At the University of Yaounde, in Cameroon, Islamic Studies Professor Gilbert Taguem Fah says it is a grass-roots level movement that is gaining momentum. He has observed the trend in Muslim-dominated areas of Nigeria, Niger, Cameroon and Chad, and among university students in big cities elsewhere.

"They are not taking directly part in the political life in terms of creating political parties or so on but they give speeches, they are preaching, there are conferences, debates are organized, books are distributed," he said. "I think they are developing a state of consciousness at the population level so that in the long run I am quite sure they will expand themselves and be a kind of a starting block for a kind of political fight or something like that."

Mr.
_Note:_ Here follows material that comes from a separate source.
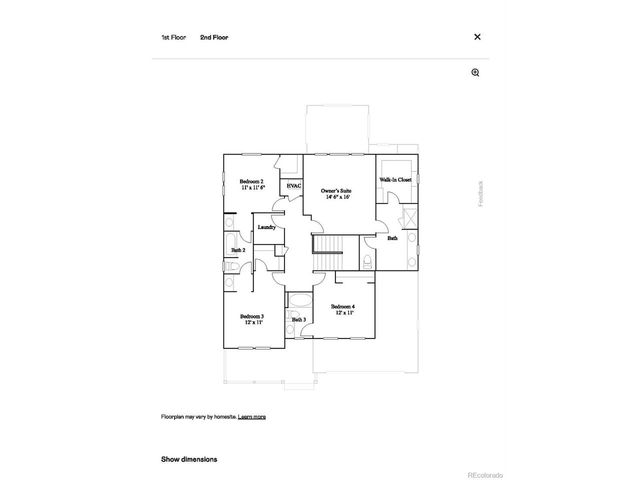 2986 S Kendrick Pkwy, Morrison, CO 80465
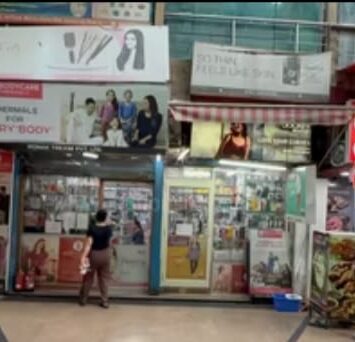 Space for rent in Dwarka Delhi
Fah says that politically these groups often position themselves as socially conservative, attached to African traditions and opposed to what they view as the invasion of a western way of life.

Many of them consider democracy part of that bad western influence, saying it is being used to keep the current elites in power rather than to really reflect the will of the people.

In addition, with the arrival of Arab satellite television in many sub-Saharan countries, Arabic-speaking Africans have also grown increasingly opposed to U.S. policy in the Middle East. This has helped spark growing discontent with the United States. A recent survey found that the proportion of Nigerian Muslims who view the United States favorably fell from more than 70 percent to less than 40 percent last year.

Researcher David Gutelius at Stanford University warns that the United States needs to recognize these trends, and respond now, or possibly face serious consequences.

"I feel that if we don't understand what's happening at sort of the grassroots level we're going to be surprised we're going to find that not only have our policies been responsible for the possible break-up of several African nations or the kind of low level battles that have plagued Algeria for the past 10 years," he said. "We're going to see this sort of trend across Africa especially in areas where Muslims have been most repressed by non-Muslim or secular governments. There's a real chance of this happening."

Analysts say Islamic radicalism is on the rise in Muslim-populated areas of sub-Saharan Africa, and political opposition to U.S.backed governments is also growing and becoming better-organized. They warn that U.S. policy-makers need to make sure they do not fuel that trend as they pursue the war on terrorism.